# This is why we can't have nice things...



## JStinson (Mar 30, 2013)

...because other things eat them. 

I left him alone...and he's been on the hive for a couple of days. I figure he really can't be doing a whole lot of damage. 

This bee was still alive while she was being nibbled on. She eventually got lose and I picked her up to look at her. She had a bite mark on her. Didn't look too serious. I don't know if she ended up making it or not.


----------



## jdmidwest (Jul 9, 2012)

I love the praying mantis. I usually have some around the house. 

One stayed on a hummingbird feeder pole for about a week a few years ago catching yellow jackets. I would even bring him a grasshopper and feed him like a pet.

Then I had one that I found eating a tomato hornworm. That was very beneficial.









I am surprised the bees did not gang up on him and get rid of him. I have seen them get rid of bumbles, red wasps, and daddy long legs.


----------



## stajerc61 (Nov 17, 2009)

Just had one at the house two weeks ago. Did not know they were carnivorous. Have not seen one by the hives. Also had a walking stick last weekend. Cool pics.


----------



## jdmidwest (Jul 9, 2012)

They are interesting insects. I have caged and fed them, kept them as pets for a while. Kids love them.

Most are pretty tame and will walk on your finger and let you hold them after a short while. And they are carnivorous, you can feed them crickets or any other insect flying around.


----------



## JStinson (Mar 30, 2013)

I just wonder how he caught that bee. I have this mental image of a bee flying past at a full 18 mph and the praying mantis snapping her out of the air.
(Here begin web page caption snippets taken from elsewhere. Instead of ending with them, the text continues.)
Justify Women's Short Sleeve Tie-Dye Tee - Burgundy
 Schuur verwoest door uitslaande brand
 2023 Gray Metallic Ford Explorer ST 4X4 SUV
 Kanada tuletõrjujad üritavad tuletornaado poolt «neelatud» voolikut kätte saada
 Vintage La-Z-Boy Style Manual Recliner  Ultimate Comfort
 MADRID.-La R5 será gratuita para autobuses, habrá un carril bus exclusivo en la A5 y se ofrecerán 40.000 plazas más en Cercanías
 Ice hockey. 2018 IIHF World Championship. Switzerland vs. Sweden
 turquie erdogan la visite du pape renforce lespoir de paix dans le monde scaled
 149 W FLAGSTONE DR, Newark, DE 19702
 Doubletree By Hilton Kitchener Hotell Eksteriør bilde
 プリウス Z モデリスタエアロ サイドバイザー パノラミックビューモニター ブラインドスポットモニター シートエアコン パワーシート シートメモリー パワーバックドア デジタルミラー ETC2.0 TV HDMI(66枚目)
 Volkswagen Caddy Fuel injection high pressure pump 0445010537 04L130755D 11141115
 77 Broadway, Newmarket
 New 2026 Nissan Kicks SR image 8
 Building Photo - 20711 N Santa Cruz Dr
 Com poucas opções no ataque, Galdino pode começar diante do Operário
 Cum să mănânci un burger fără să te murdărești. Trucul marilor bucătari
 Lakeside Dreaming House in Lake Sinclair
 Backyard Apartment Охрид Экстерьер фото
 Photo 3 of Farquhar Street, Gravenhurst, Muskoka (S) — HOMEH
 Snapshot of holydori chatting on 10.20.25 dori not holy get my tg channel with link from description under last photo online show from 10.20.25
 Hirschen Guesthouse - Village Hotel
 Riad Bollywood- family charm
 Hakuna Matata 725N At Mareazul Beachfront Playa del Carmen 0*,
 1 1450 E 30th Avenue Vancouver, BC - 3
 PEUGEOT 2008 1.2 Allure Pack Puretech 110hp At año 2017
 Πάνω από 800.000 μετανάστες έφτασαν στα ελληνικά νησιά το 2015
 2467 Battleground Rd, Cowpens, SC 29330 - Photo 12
I suppose the more likely scenario is that she landed or crawled across his claws.


----------



## jdmidwest (Jul 9, 2012)

They have catlike reflexes and stealth. Probably caught it in mid air.


----------



## Bee Bliss (Jun 9, 2010)

Thought I read where the mantis will prey on hummingbirds and can inflict injury on humans...


----------



## Slow Modem (Oct 6, 2011)

jdmidwest said:


> I love the praying mantis. I usually have some around the house.
> 
> One stayed on a hummingbird feeder pole for about a week a few years ago catching yellow jackets. I would even bring him a grasshopper and feed him like a pet.


I have read where they will eat hummingbirds.


----------